| TASK TO COMPLETE |
Write out, word for word, the part of the listing below that opens with the line containing "Mercedes-Benz C 300" and closes with the line containing "Mateu Alemany expone", keeping both of those lines and adding no others.
RECORDS SHOWN section start
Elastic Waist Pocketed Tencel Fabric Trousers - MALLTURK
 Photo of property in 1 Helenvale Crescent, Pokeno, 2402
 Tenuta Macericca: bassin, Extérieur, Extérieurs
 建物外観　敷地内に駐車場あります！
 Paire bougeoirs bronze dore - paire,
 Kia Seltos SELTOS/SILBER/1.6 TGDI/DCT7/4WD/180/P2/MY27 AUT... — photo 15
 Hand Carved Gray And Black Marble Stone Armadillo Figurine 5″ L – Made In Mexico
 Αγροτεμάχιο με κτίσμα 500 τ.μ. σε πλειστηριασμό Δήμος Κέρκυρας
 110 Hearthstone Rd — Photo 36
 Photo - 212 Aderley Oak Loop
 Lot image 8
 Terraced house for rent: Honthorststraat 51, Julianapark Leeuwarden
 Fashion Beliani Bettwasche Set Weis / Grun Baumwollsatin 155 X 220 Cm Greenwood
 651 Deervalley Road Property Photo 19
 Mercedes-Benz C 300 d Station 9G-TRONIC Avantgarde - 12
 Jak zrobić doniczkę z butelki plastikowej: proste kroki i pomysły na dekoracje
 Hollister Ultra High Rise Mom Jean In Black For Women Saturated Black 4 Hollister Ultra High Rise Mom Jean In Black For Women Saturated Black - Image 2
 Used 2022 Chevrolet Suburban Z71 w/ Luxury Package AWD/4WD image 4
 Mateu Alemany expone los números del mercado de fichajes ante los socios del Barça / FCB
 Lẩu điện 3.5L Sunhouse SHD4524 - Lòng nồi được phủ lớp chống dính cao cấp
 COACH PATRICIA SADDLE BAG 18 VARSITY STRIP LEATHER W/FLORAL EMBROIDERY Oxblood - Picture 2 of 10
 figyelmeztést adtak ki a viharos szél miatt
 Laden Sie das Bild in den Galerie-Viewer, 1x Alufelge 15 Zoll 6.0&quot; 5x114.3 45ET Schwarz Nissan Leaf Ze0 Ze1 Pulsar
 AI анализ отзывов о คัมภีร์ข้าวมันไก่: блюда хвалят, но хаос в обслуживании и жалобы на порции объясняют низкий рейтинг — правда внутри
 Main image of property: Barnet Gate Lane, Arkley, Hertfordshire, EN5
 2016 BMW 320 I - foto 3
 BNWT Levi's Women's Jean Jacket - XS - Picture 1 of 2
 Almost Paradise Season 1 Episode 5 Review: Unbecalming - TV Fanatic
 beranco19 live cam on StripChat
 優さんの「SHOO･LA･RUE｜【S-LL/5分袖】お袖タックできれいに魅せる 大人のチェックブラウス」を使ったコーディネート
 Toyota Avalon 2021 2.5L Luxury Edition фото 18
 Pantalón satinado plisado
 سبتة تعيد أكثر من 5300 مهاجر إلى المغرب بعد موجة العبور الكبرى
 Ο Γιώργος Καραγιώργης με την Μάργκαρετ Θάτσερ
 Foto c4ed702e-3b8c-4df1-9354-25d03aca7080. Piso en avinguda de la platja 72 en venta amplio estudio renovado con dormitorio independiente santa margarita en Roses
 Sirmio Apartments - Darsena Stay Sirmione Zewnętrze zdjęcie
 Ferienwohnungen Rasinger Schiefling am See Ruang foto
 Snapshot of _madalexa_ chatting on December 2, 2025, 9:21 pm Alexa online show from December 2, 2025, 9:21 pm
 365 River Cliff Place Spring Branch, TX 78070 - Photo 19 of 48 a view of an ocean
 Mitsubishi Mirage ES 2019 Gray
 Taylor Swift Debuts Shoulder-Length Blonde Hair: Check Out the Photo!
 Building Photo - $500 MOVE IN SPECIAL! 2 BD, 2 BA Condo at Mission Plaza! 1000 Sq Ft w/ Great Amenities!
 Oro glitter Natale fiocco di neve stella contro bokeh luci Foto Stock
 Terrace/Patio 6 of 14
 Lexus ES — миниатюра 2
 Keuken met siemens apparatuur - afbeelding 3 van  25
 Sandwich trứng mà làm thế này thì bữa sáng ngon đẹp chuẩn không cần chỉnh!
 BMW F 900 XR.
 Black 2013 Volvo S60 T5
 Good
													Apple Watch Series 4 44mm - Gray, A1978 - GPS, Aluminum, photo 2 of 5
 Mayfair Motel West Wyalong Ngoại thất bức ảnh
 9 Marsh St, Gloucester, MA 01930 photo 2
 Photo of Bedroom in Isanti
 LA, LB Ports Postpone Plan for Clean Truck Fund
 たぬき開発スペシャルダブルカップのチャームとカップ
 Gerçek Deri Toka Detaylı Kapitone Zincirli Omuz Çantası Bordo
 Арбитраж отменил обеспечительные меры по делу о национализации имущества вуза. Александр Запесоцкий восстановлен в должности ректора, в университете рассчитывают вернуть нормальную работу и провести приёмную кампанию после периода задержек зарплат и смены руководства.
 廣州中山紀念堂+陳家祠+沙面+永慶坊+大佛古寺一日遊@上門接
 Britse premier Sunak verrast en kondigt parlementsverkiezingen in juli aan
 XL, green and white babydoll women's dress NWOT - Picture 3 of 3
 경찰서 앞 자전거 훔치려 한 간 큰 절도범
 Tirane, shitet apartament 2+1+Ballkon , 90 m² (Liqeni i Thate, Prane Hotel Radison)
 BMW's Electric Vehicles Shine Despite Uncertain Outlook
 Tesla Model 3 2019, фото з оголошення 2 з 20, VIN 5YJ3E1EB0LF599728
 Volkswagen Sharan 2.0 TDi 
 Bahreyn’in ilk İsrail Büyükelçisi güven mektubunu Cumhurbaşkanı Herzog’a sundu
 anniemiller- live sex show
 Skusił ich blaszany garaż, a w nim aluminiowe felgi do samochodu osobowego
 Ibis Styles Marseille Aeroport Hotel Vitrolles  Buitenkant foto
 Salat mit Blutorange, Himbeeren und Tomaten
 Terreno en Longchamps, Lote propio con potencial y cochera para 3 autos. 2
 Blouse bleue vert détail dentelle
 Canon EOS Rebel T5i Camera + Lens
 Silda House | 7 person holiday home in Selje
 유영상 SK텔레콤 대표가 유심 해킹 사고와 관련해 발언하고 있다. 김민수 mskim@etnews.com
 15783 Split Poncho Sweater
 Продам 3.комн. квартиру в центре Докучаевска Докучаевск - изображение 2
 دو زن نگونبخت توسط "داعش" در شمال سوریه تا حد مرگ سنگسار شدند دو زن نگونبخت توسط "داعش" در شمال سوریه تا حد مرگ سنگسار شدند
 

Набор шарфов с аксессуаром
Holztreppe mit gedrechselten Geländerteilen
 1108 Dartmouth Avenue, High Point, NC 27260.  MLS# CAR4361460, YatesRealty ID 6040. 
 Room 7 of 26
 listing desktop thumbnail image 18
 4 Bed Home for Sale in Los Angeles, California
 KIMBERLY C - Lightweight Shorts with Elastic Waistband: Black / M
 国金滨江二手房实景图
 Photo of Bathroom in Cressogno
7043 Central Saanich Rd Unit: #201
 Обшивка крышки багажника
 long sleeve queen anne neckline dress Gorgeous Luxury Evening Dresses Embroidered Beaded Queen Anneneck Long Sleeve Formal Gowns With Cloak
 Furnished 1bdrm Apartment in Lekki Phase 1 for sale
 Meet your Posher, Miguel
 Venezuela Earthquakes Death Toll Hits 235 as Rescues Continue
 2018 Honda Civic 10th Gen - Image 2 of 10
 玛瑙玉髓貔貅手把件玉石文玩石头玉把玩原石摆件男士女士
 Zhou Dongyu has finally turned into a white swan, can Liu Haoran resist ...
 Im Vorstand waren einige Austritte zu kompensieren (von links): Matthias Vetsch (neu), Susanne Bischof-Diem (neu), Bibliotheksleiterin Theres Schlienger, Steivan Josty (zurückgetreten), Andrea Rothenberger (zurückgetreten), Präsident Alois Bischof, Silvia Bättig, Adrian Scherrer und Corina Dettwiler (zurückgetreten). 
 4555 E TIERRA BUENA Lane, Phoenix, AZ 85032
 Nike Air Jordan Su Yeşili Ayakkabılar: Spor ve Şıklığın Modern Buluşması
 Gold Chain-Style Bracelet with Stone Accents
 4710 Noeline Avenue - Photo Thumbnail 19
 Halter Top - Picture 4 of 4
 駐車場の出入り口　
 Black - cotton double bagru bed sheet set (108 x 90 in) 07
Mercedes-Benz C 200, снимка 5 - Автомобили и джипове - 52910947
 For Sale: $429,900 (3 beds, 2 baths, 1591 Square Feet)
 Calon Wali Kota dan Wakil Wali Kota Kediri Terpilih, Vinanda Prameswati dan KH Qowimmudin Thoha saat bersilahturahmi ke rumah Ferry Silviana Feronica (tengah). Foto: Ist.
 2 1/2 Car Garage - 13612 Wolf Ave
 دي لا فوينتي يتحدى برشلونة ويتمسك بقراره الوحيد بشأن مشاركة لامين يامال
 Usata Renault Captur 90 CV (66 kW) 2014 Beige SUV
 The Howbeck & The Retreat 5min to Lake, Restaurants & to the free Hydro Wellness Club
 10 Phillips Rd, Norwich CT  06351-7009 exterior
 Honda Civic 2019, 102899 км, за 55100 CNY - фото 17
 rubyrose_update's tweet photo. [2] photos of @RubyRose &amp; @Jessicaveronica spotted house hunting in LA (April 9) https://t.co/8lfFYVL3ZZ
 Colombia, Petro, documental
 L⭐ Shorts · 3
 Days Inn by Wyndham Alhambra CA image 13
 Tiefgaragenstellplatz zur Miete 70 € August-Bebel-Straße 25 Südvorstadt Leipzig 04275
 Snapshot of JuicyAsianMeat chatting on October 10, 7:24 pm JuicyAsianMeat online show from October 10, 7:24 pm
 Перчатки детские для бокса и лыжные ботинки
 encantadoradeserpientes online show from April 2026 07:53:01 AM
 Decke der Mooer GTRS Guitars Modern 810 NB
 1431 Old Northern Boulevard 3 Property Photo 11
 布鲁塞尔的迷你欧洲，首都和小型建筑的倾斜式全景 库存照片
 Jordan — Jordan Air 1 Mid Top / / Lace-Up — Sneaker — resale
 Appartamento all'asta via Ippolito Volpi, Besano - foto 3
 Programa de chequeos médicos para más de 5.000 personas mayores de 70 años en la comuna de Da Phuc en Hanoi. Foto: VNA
RECORDS SHOWN section end
| FINAL ANSWER |
 Mercedes-Benz C 300 d Station 9G-TRONIC Avantgarde - 12
 Jak zrobić doniczkę z butelki plastikowej: proste kroki i pomysły na dekoracje
 Hollister Ultra High Rise Mom Jean In Black For Women Saturated Black 4 Hollister Ultra High Rise Mom Jean In Black For Women Saturated Black - Image 2
 Used 2022 Chevrolet Suburban Z71 w/ Luxury Package AWD/4WD image 4
 Mateu Alemany expone los números del mercado de fichajes ante los socios del Barça / FCB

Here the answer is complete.